Same with Lumentum and Coherent. These are not random optical names catching an AI halo. NVIDIA put $2B into Lumentum and $2B into Coherent, alongside purchase commitments and capacity-access rights, because large AI clusters increasingly become networking and optics problems, not just GPU problems.

That is the hidden shift.

The market keeps asking: “How many GPUs can NVIDIA sell?”
The better question is: “What has to exist for NVIDIA to sell the next trillion dollars of systems?

And Jensen’s answer seems to be: I will finance whatever has to exist.

OpenAI needs 10GW of AI systems? NVIDIA is willing to invest up to $100B progressively as those gigawatts are deployed. Anthropic needs future compute optimized around Grace Blackwell and Vera Rubin? NVIDIA commits up to $10B and supports a path toward 1GW of compute capacity. CoreWeave needs demand confidence to fund AI cloud capacity? NVIDIA gives it a $6.3B backstop for unsold cloud capacity. IREN has power-rich infrastructure that can become AI factory capacity? NVIDIA takes a right to invest up to $2.1B as part of a deal targeting up to 5GW of AI infrastructure. Marvell could help hyperscalers build semi-custom AI infrastructure without leaving the NVIDIA ecosystem? NVIDIA puts in $2B and pulls custom silicon into NVLink Fusion.
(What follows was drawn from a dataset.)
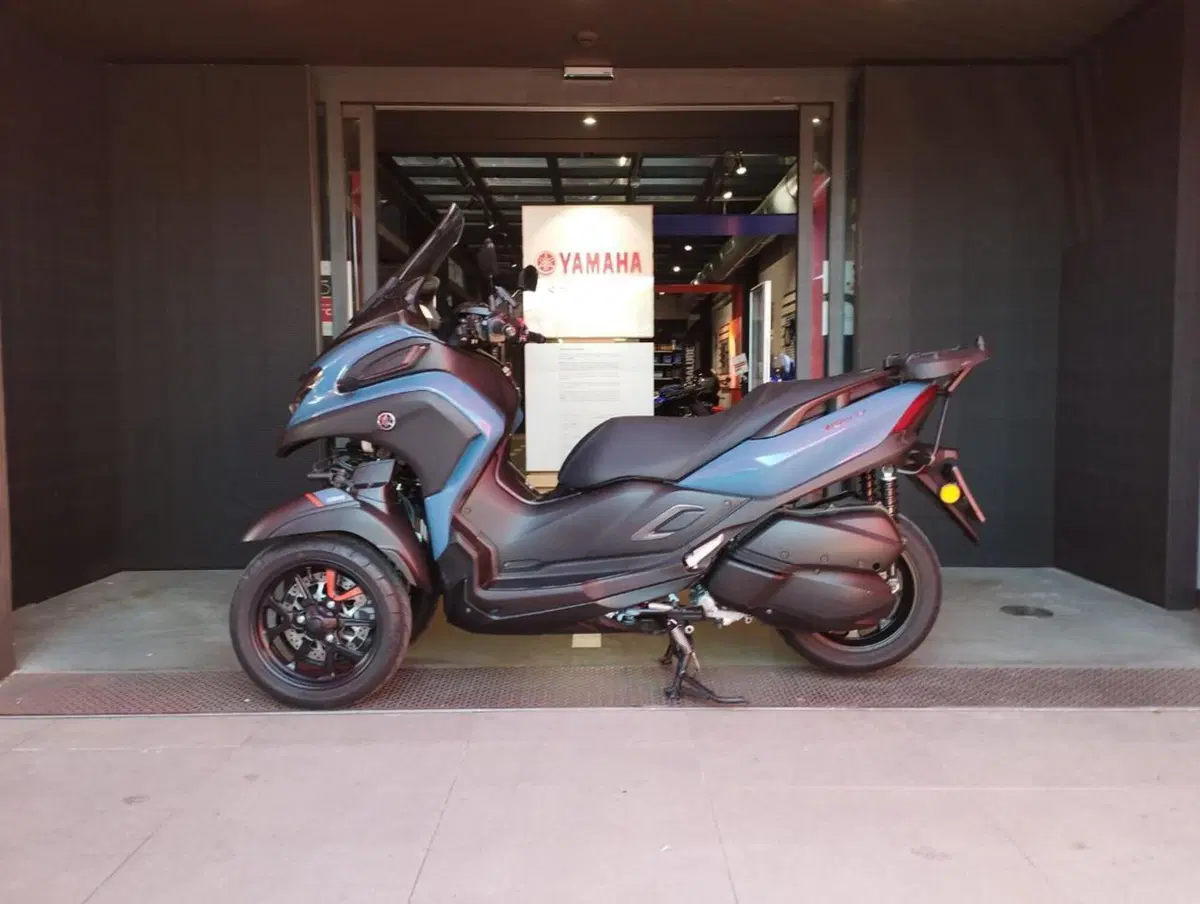 Yamaha Tricity 300 (2021 - 24) (4)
This is constraint capture.

NVIDIA is mapping the entire AI production function and asking: where can the system break? Power? Back the data-center operator. Fiber? Fund Corning. Lasers? Fund Lumentum and Coherent. Custom silicon? Fund Marvell. Model demand? Fund OpenAI and Anthropic. Cloud absorption? Backstop CoreWeave. Power-rich AI campuses? Finance IREN.

That is why I think the right analogy is not Intel in PCs. It is closer to an industrial prime contractor crossed with a central bank for AI infrastructure.

NVIDIA is not merely supplying the gold rush. It is financing the railroads, standardizing the gauges, deciding which towns get stations, and selling the locomotives.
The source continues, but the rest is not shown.